Sustainable operations and supply: More sustainable operations can be value accretive and significant drivers of better performance. Often, we find up to 50 percent of operational levers can be net present value–positive (NPV-positive) or NPV-neutral and can improve financial performance through cost reductions. Grocers should therefore approach sustainability investments as they approach other investments: by prioritizing the most economically efficient options. Grocers can use marginal-abatement cost curves to prioritize NPV-positive or NPV-neutral levers (Exhibit 5). Such cost curves show the cost of each investment and rank them by their return on capital.
3. Setting up the sustainability transformation for success
Maximizing sustainability impact and value creation requires a holistic transformation approach with the right operating model. Like any business transformation, sustainability is hard to do because it requires a substantial number of changes to the business as well as cross-functional collaboration. Sustainability efforts should therefore be anchored by the CEO and board, who should model a green culture. They should be supported by a central team led by a chief sustainability officer who reports to the CEO and acts as the main orchestrator and know-how provider across the organization. Building a successful green business depends on four imperatives:6 set a bold sustainability vision; double down on talent and culture; flex the operating model, with leaders modeling a bold, experimental mindset; and take an agile approach to risk capital, knowing commercialization of products and services won’t happen overnight.

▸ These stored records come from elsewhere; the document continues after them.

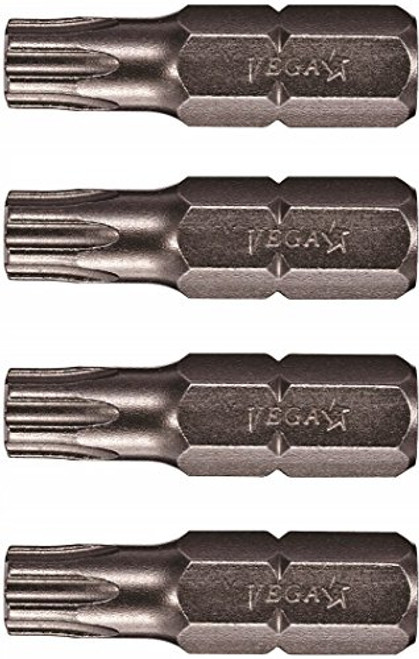 VEGA T30 TORX Security Bits. Professional Grade  Inch Hex Shank TORX T-30 S2 Steel 1" Security Bits. 125TT30A-4 (Pack of 4)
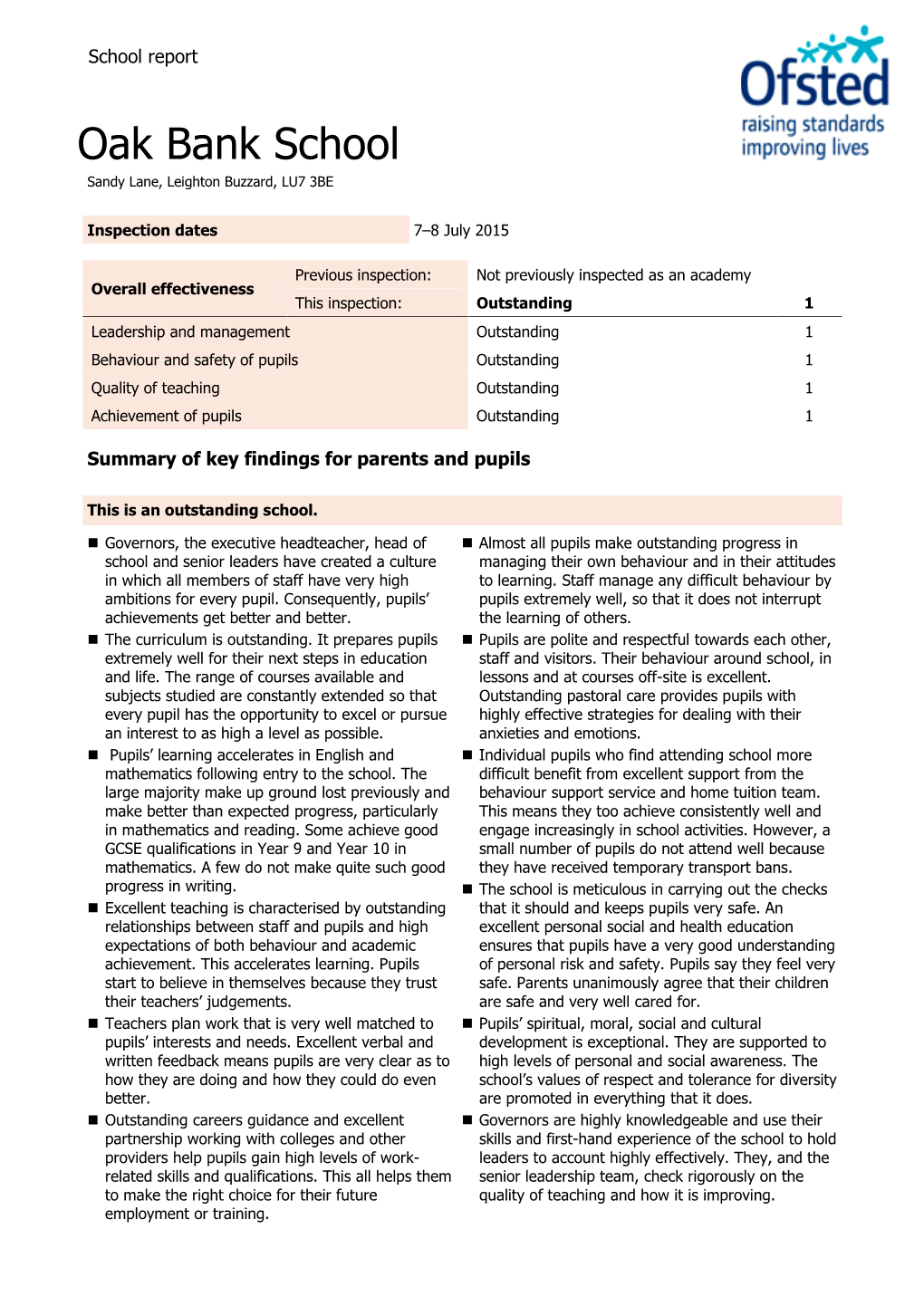 Oak Bank OFSTED Report July 2015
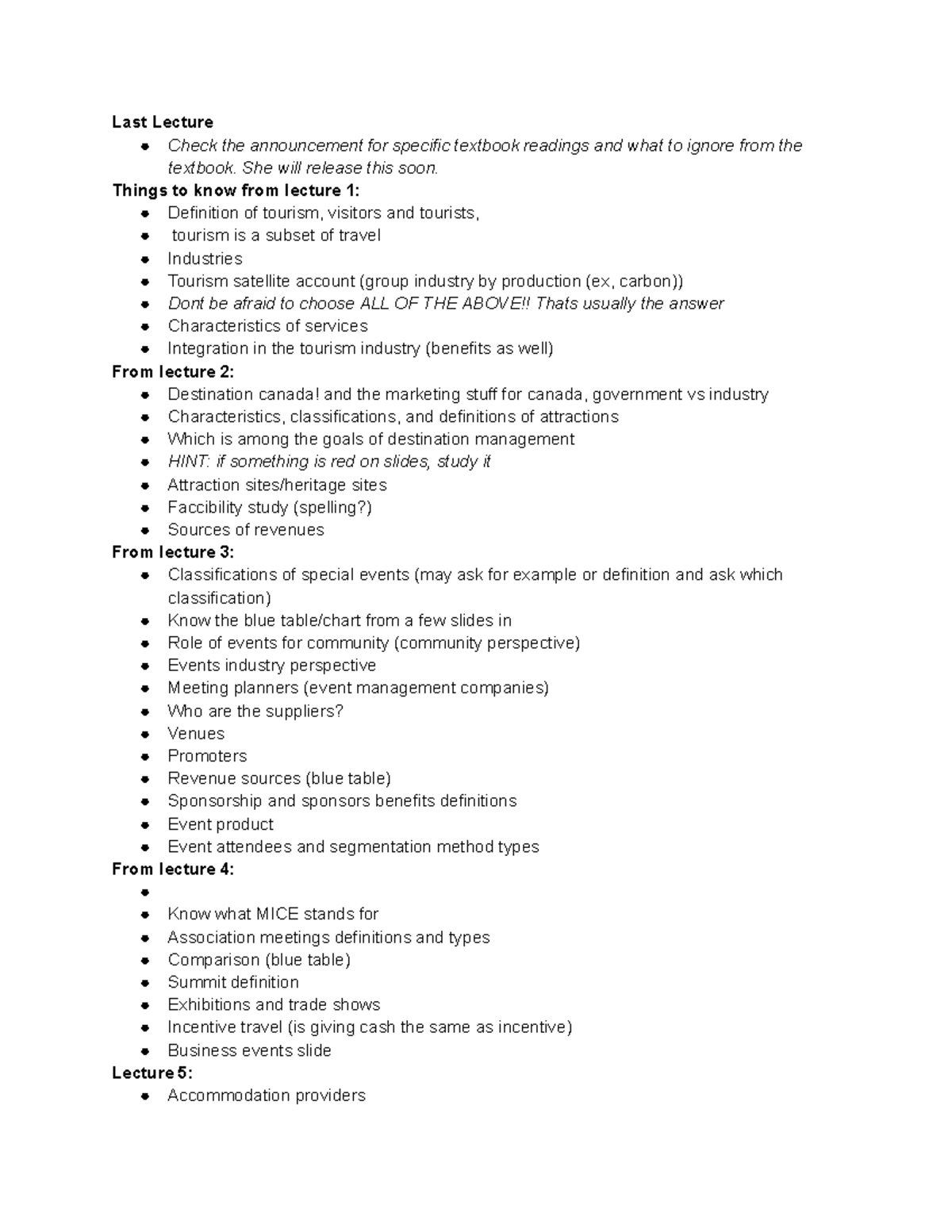 TOUR 1P92 Final Exam Study Guide: Key Concepts from Lectures - Studocu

The food system requires fast, systemic change to become sustainable. Grocers can be a driving force and create significant additional value, but this is a multiyear challenge. We recommend three steps that leaders should take now:
- Assess your sustainability baseline and define your sustainability ambition with concrete impact targets (such as financial, carbon abatement, waste diversion, and supplier engagement). These should be based on your starting point, your purpose and internal “appetite to do good,” the behavior of competitors, your stakeholders’ expectations, and the resulting potential for value creation.
- Implement a well-defined and prioritized set of sustainability initiatives that maximize your sustainability impact across the HE2AL dimensions and generate value for your business across all six types of value creation levers. Think strategically about how to involve suppliers, differentiate through sustainable own brands, and invest in transparency.
- Adapt your operating model to anchor sustainability in the day-to-day business decisions most relevant to your articulated ambition across the value chain. This enables consumers to make sustainable choices, optimizes your operations, and allows you to collaborate with farmers, suppliers, and peers.
By taking these actions, grocers in Asia can lay the groundwork for a successful, sustainable future.